See my Hasselblad X1D-50C wish list and Fujifilm GFX wish list.

I’ve been getting some minor pushback from readers about my recent Hasselblad X1D posts, in ways that I feel require some discussion.

First I am very excited to see medium format mirrorless emerge as a category with two players so far (Hasselblad and Fujifilm). I absolutely want Hasselblad to succeed because it is in my interest (very much so, I want to review it ASAP!) and the interest of all photographers: it is critical to have at least two and preferably three players in the medium format mirrorless space. I hope Sony joins in.

This new medium format category puts pressure on SonCaNikon to up their game. It also leaves $8K Leica cameras looking terribly lame and a very poor value.

Hasselblad appears to be in turmoil. Doing some dubious things that at the least require skepticism. And I consider some things much more concerning.

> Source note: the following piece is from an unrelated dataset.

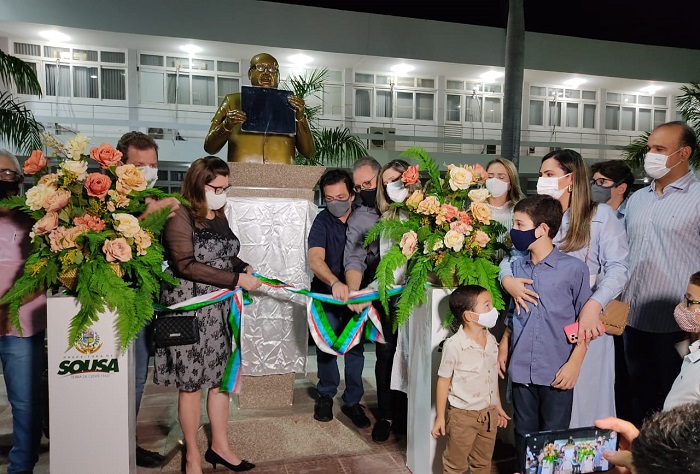 Prefeitura inaugura Praça na região central em homenagem ao médico Péricles Rodrigues Neves (Dr. Pepé) 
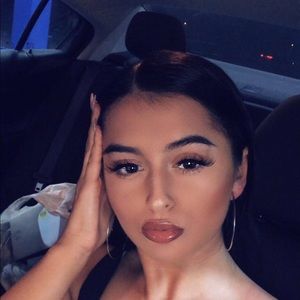 Meet your Posher, Courtney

The X1D looks like a very fine camera and system, but unless your money is burning a hole in your pocket, it seems wise to see what pans out in the next few months. I personally would not be an X1D buyer at the present, given what has and is transpiring. That is not a statement that I would not buy an X1D, only that a little wait-and-see is a smart move.

Acquisition?

A company is not acquired unless there is a darn good reason, and the only reason I can think of here is financial difficulty. Therefore an acquisition or major investment could be a Very Good Thing, the alternative being quite unpleasant for any Hassy owner.

Kevin Raber of LuminousLandscape.com is a well informed individual. He claims in Hasselblad Acquired By DJI that Hasselblad has been acquired. If true, this could be a very good thing as it means fresh funds to deliver on promises. But what I find bizarre (and intolerable from a buyer’s perspective) is the lack of official confirmation or denial—very strange. Raber:

Hasselblad still needed to stay afloat. The investors wanted their money and they were not willing to contribute any more to this cause. What now?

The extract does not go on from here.